Regarding what Nuria and Leila said: that makes sense for the top 1000, but if we take the top 100,000 pages, I figured spikes wouldn't really matter, pages that spike there are both likely to also be in the top 100,000 normally and few enough in number that they wouldn't pollute the data anyway (assuming you're filtering for actual content articles instead of all pages)
On Mon, Apr 2, 2018 at 12:09 PM, Nuria Ruiz nuria@wikimedia.org wrote:
are trying to rebuild our stale encyclopedia apps for offline usage but
are space-limited and would only like to include the most likely pages that would be looked at that can fit within a size envelope >that varies with the device in question (up to 100k article limit probably) For this use case I would be careful to look at page ranks as true popularity as the top data is affected by bot spikes regularly (that is a known issue that we intend to fix). After you have your list of most popular pages please take a second look, some -but not all- of the pages that are artificially high due to bot traffic are pretty obvious (many special pages).

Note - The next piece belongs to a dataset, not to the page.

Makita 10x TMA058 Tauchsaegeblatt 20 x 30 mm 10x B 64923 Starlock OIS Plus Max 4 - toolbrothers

On Mon, Apr 2, 2018 at 8:54 AM, Leila Zia leila@wikimedia.org wrote:
On Mon, Apr 2, 2018 at 7:47 AM, Dan Andreescu dandreescu@wikimedia.org wrote:
Hi Srdjan,
The data pipeline behind the API can't handle arbitrary skip or limit parameters, but there's a better way for the kind of question you have. We publish all the pageviews at https://dumps.wikimedia.org/ot her/pagecounts-ez/, look at the "Hourly page views per article" section. I would imagine for your use case one month of data is enough, and you can get the top N articles for all wikis this way, where N is anything you want.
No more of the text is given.